Is it worth upgrading?

deadlock

Member
Dec 4, 2000
110
0
0
Hi folks,

I've had my current right for about 18 months now, and I've been bitten by the upgrade bug. I don't exactly *need* to upgrade for any particular reason, but if the performance will take a boost then I'm game.

At the moment I'm running an Athlon XP Barton 2500+ on a MSI-K7N2. I've got two 512MB sticks of Crucial PC2700 RAM in there along with a 128MB Radeon 9800 Pro. Hard drive wise there are two IDE 160GB Seagate 7200/8s.

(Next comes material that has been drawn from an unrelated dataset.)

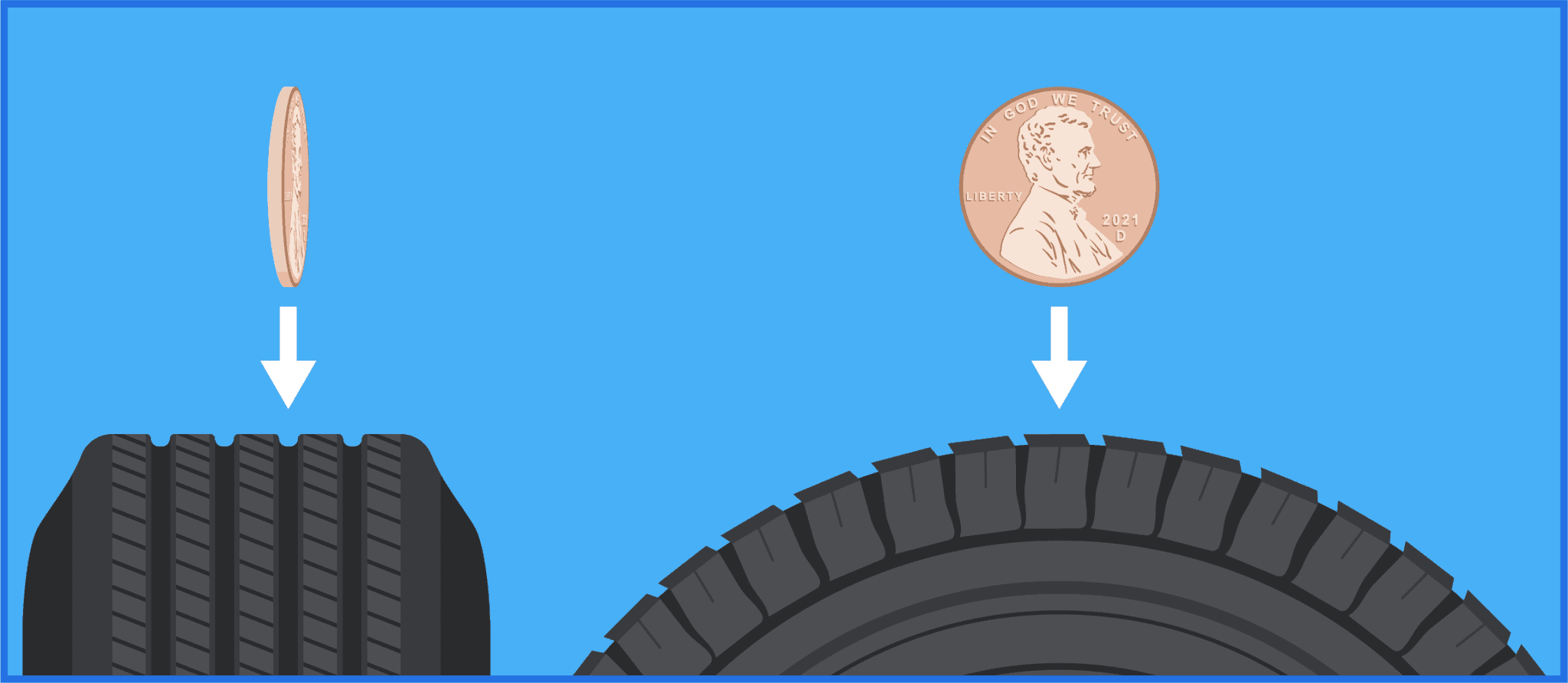 The Tire Penny Test Best Online Traffic School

I've been eyeing up a nice system revamp, specifically a Winchester Athlon 64 3500+ on a Gigabyte GA-K8NS Ultra-939. Some questions:

1) I haven't been in the scene for a while, so would appreciate some brief pointers. Will my general performance levels increase with the upgrade to the 3500+? Will I notice much of a difference in general computing, some gaming etc.? I'm trying to determine whether there's enough of a significant real-world speed increase over my current rig to justify an upgrade.

2) I think the board supports PC4000 RAM. Will I notice a difference by upgrading to a gig of PC4000 as opposed to sticking with my PC2700? Is there any worth in upgrading to 2GBs? And finally, is there anything special about these fancy multi-coloured RAM packages (e.g. Crucial Ballistix) as opposed to run-of-the-mill memory from the same company, assuming the same clock speed?

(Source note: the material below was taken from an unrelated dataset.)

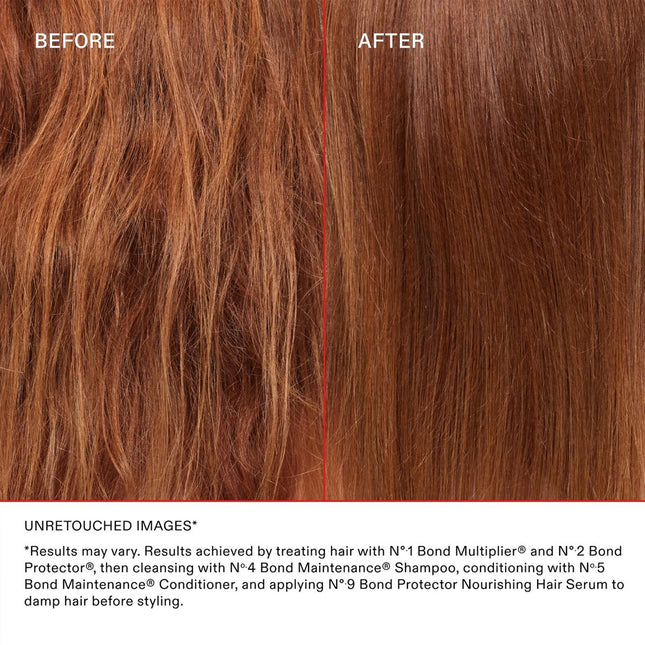 Olaplex Salon Intro Kit (No. 1 + No. 2 - 525ml)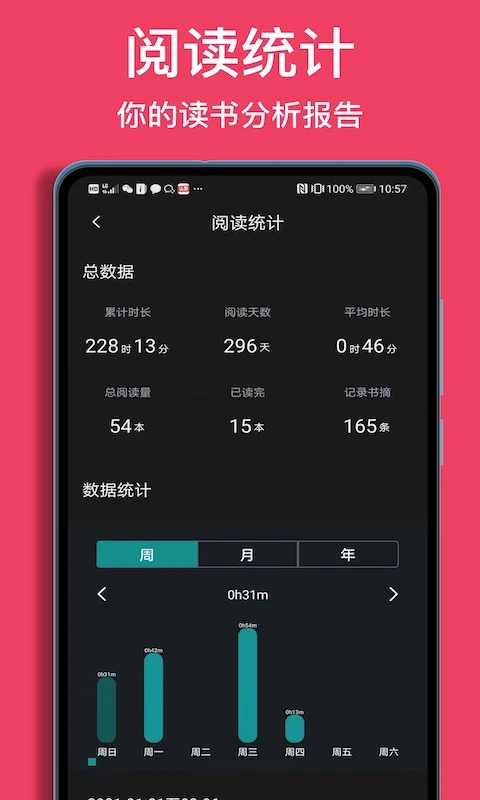阅读记录截图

3) How much quicker is S-ATA over IDE? I'm quite tempted to shell out for a 200GB Seagate IDE drive, but again only if it's actually worth it. Is S-ATA actually quicker than IDE and would I notice it?

Thanks a lot for any advice guys!

D
 

Budmantom

Lifer
Aug 17, 2002
13,103
1
81
The tough part is upgrading and not going to pci-x, your saving money(using the 9800) but your upgrade path is limited. I don't think you will notice the difference between sata and ide.

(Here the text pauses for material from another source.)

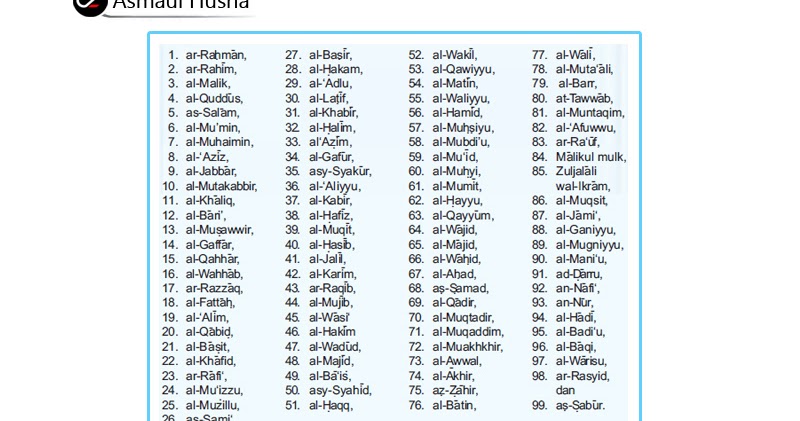 99 Nama Allah Sekali Dengan Maksud Nama Allah Yang Tidak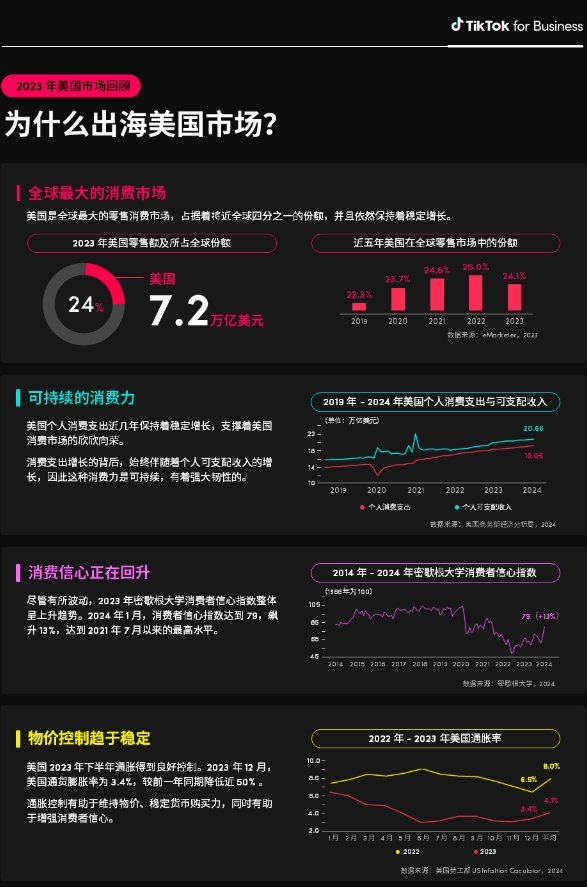 TikTok for Business：2024全球消费趋势白皮书-美国篇-3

Stick with what you have for another 6months.


Tom
 

jose

Platinum Member
Oct 11, 1999
2,079
2
81
Wait till the summer, for prices to go down & for more selection of 939 mobo's.

Regards,
Jose
 

slash196

Golden Member
Nov 1, 2004
1,549
0
76
The 3500+ winnies are HORRENDOUSLY overpriced right now. Cool your heels for a few weeks, until the OEMs are around 280, where they belong.
 

Icepick

Diamond Member
Nov 1, 2004
3,663
4
81
1. You'll notice some improvement by going to the 3500+. You'll definitely get a few more FPS in games. Whether it's enough to justify the cost is up to you.
2. The expensive RAM like Crucial Ballistix is designed to run at tighter timings at faster speeds. I'd suggest you go with 1 GB instead of 2. You will not get any performance gains by running 2GB IMO (unless you're into intense graphics rendering or video editing). Also, if you run 4 512MB DIMMS they will be forced down to DDR333 instead of DDR400 speeds.
3. SATA offers no performance increase over IDE.
 

kd2777

Golden Member
Mar 4, 2002
1,336
0
0
Originally posted by: Budmantom
The tough part is upgrading and not going to pci-x, your saving money(using the 9800) but your upgrade path is limited. I don't think you will notice the difference between sata and ide.


Stick with what you have for another 6months.


Tom

agree almost 100%, other than you WILL NOTICE NO differnece in SATA over IDE, because the HDD spindle is the limiter not the bus. If you want a faster HDD you have to go to the Raptor or the 16mb cache HDD to see any difference, and even then it is really small.

I know what the bug feels like and the thought of not scratching for 6 months sucks, so if you are interested in upgrading on the cheap you may want to look at getting a nf3 motherboard (~125) and a 3000+ Winchester (158) and a GB of pc-4000 RAM (~180) . OC to 250 FSB (2.25 GHz) and keep your 9800pro. So for under 500 you have a nice fast system, and with a video card upgrade next summer/fall (maybe a 6800GT for hopefully $250) it will last you another year. But by then Dual core CPUs will be in force, PCIe, and DDR2 more than likely, so the next upgrade is going to cost some cash, so you may want to go easy on this one.

kd
 

jvarszegi

Senior member
Aug 9, 2004
721
0
0
Originally posted by: Budmantom
The tough part is upgrading and not going to pci-x, your saving money(using the 9800) but your upgrade path is limited. I don't think you will notice the difference between sata and ide.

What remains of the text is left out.